Be prepared. That is the mantra, as well as the operations challenge, at Chop't Creative Salad Co. in New York City, a pioneer among the numerous fast-casual salad concepts that are cropping up across the United States. Since it opened its first location in 2001, Chop't has been striving to meet demand at lunch, its key day part, when the line often snakes out the door. The average check is $10 and daily orders can reach 1,000 at a single store.

The company, with three units in Manhattan, is on a growth spurt, which has added heat to the need for ease of operation. Next month it is opening the first of three locations in Washington, D.C., and there are plans for a fourth in Manhattan by next year.

Chop't makes every salad to order from a choice of 60 ingredients that are prepared in-house, including roast turkey. There are five types of lettuce and 28 dressings made once, and sometimes twice, a day. Customers create their own salad, or order suggested combinations like Grilled Asian.

The trick is to have all food ready, with plenty of replacements in easy reach, and a staff trained to work in unison, said co-founder Tony Shure. Chop't, a privately-held company, has 100 employees. Shure declined to discuss revenues, but said there were double-digit increases last year.

Getting a smooth flow has taken Shure and co-founder Colin McCabe, who started Chop't soon after college, several years. In late 2004, the native New Yorkers and former high school buddies (and roommates at the University of Wisconsin at Madison), hired their first operations executive, Michael LaPlaca, a veteran of the Cosi chain. "He took us from a mom-and-pop to a real restaurant company," Shure said.

In its newest location, in a busy office district, there is a serpentine queue that accommodates up to 30 people.

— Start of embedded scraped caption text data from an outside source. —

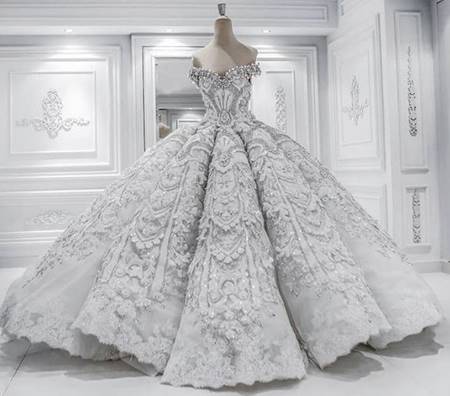 زیباترین طراحی لباس عروس,لباس عروس
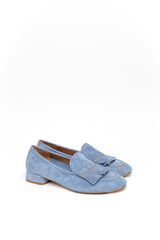 Anima GD612 Mocassino Camoscio Jeans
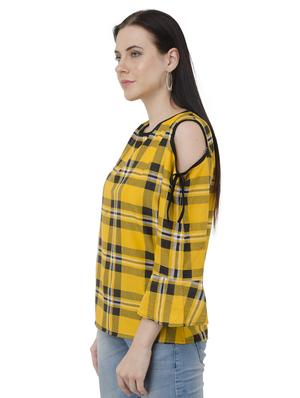 yellow checkered top - 15228552 - Standard Image - 2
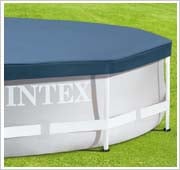 Intex Metal Frame Pool inclusief afdekzeil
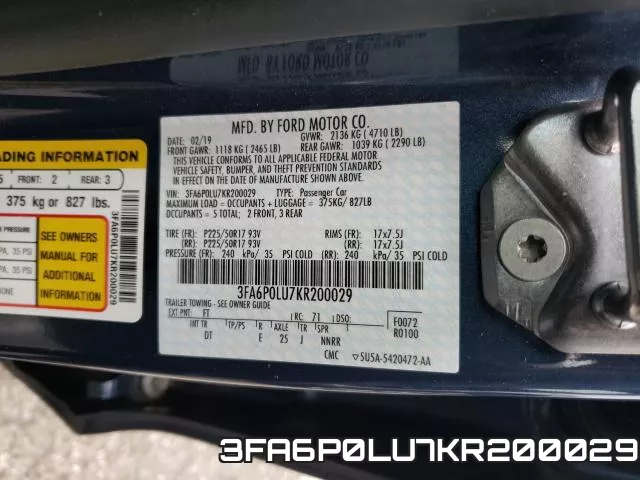 3FA6P0LU7KR200029 фото 2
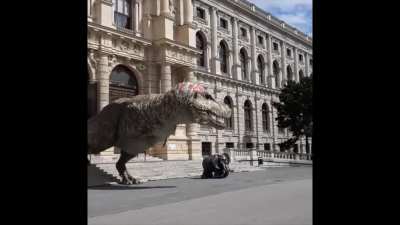 The Most Realistic T-Rex animation. by G&uuml;nter Nikodim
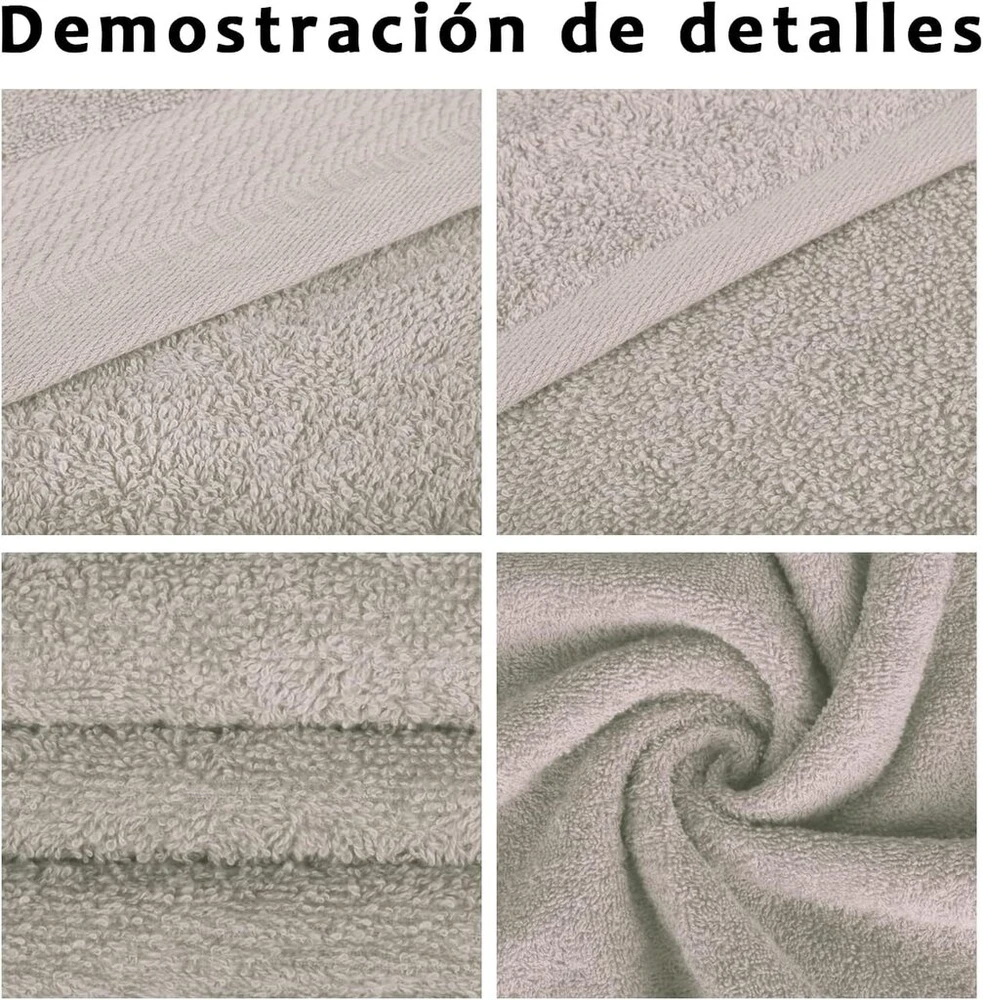 Rankšluostis Mercury Textil - 2 vonios rankšluosčių ir 2 rankinių rankšluosčių rinkinys, 100% medvilnė 500g/m², minkšti, patvarūs ir gerai sugeriantys (smėlio spalvos)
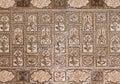 Ceiling decoration at Sheesh Mahal palace in Amber Fort, Rajasthan, India Royalty Free Stock Photo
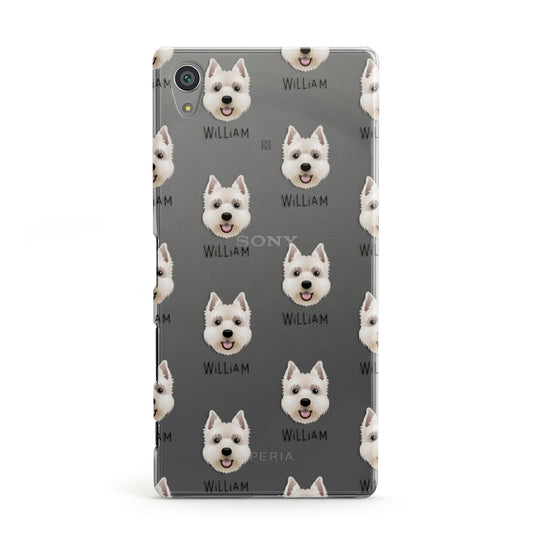 West Highland White Terrier Icon with Name Sony Xperia Case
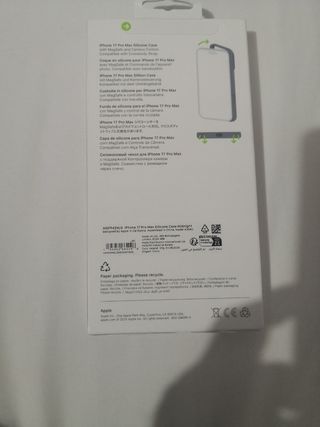 Funda iPhone 17 Pro Max Azul Silicone Apple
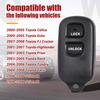Key Fob Keyless Entry Remote Control Compatible with Toyota Tundra Rav4 Highlander Celica Echo Yaris Prius FJ Cruiser/Scion xA xB Car Key Replacement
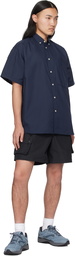 DAIWA PIER39 Navy Tech Button Down S/S Shirt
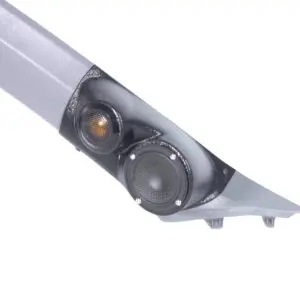 A-Pillar Custom Speaker Pods for the 2002-2006 Honda CRV to hold 3.5 in and 2.0 in  speakers for car audio installation upgrade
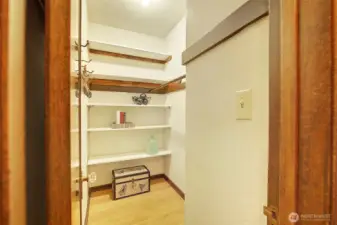 Large walk in closet!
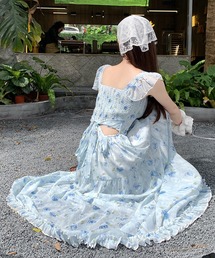 レディースのワンピース（ブルー・ネイビー/青色系・花柄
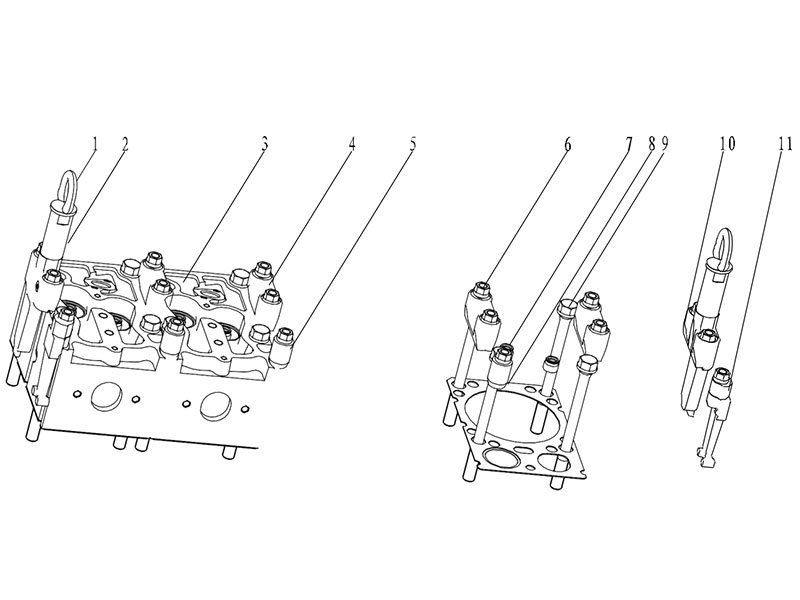 Shacman F2000&F3000 Cylinder Head Assembly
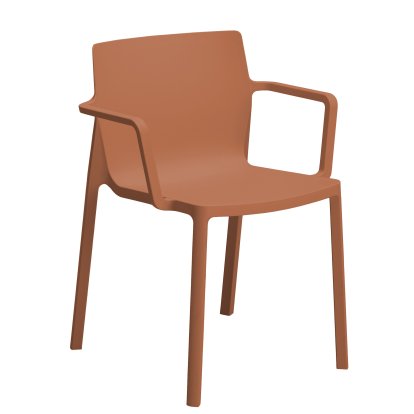 LP Chair – Recycled, With armrests, Clay
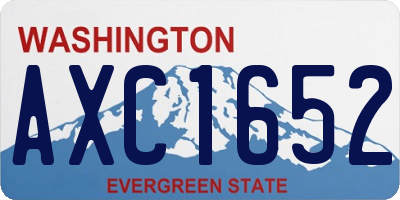 WA license plate AXC1652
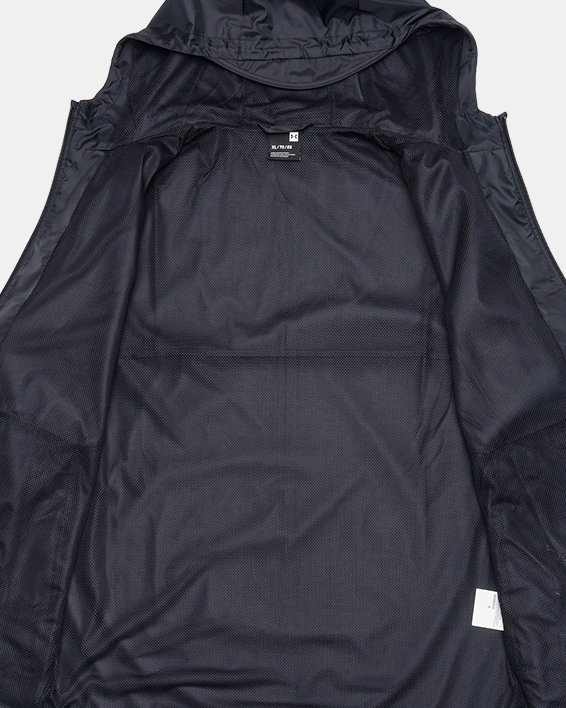 Men's UA Legacy Windbreaker Jacket in Black image number 8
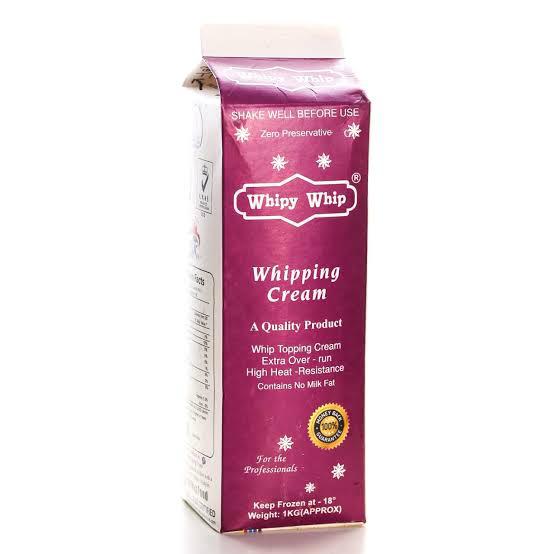 Whippy Whip Whipping Cream 1 kg TAZO Foods Pk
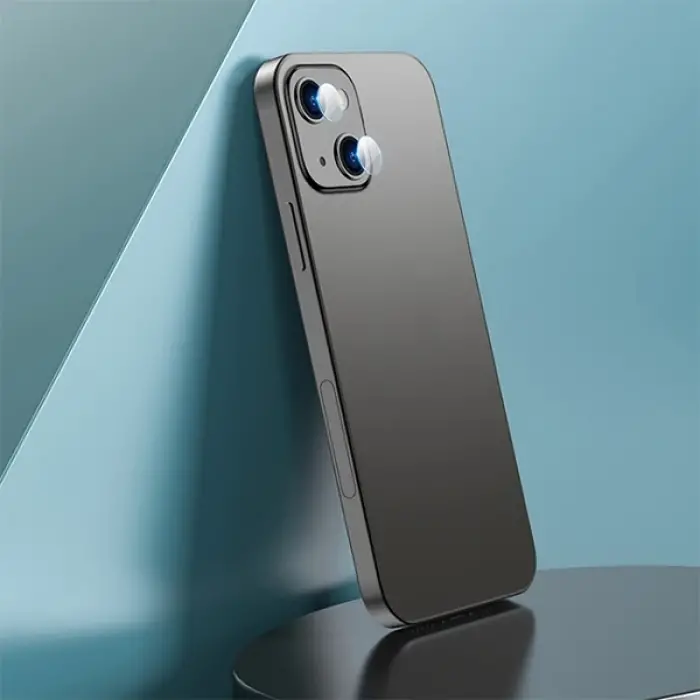 ALLY İPhone 13-13 Mini Tempered Glass Cam Kamera Koruyucu-(5775)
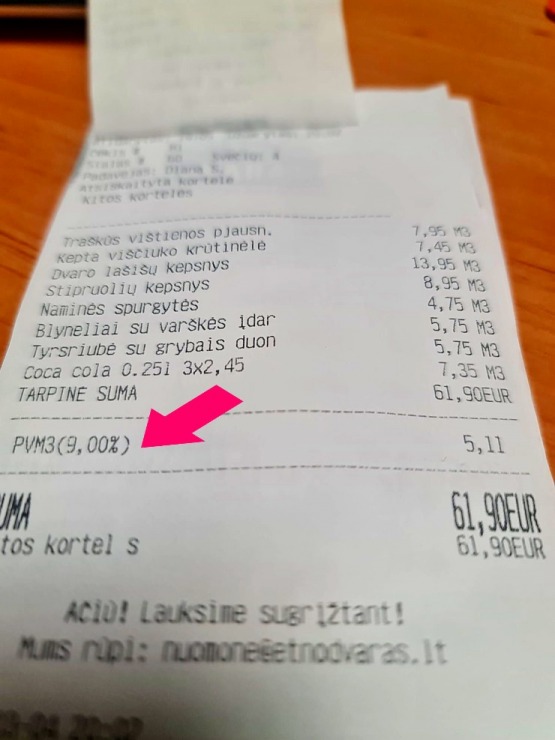 Travelnews.lv izbauda restorāna «Etno Dvaras» ēdienkarti Paņevežā un pārliecinās par 9% PVN 333587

It takes about eight minutes for the last customer to complete their transaction, McGrath said.

The manager points customers to one of three stations. The food is arrayed in small stainless steel pans inset in a custom-designed refrigerated case. Behind is a wall of lettuce in large tubs, creating a lush green background.

Three employees man each station - an assembler and two choppers. Two more replenish the greens. Another is dedicated to managing utensils, including chopping mats, which are replaced for each salad.

The customer moves down the line with their salad. The assembler hands it to the chopper. The chopper uses a double-bladed mezzaluna to mix it all together, then tosses it in dressing in a stainless steel bowl and packs it into a clear plastic take-out container. The dressings are in easy reach. The customer takes the salad and proceeds to the checkout stand at the end of the line. The salad can also be made into a wrap sandwich.

"There are no people crossing, even behind the lines," McGrath said. "Everything is right in front of them."

Catering and delivery orders, about 25% of sales, are handled in the kitchen to free up the main line.

All ingredients have a back-up tray pre-packed and hidden below the refrigerated counter for quick interchange. Ingredients that require cooking are prepared at a commissary in one store and delivered to the other locations each morning. Cheddar cheese is shredded in house and chick peas are prepared from scratch.

Lettuce is key. Chop't goes through 4,800 heads of romaine alone each week. Lettuce is prepared at each location daily. One employee's sole job is to wash lettuce. It is picked over for bugs and bad leaves, and then washed with an organic rinse and dried in a spinner.

Chop't has streamlined its purchasing to work with one main distributor rather than cherry-pick from numerous vendors. "Now we have less phone calls and less separate papers to fill out," said McGrath.

Handling the rush while hungry New Yorkers - arguably the nation's most impatient lunch crowd - watch, might inspire some operators to simplify. But Shure wouldn't have that. He wants Chop't to please everyone. "Our breadth of homemade ingredients lets us do that," he said.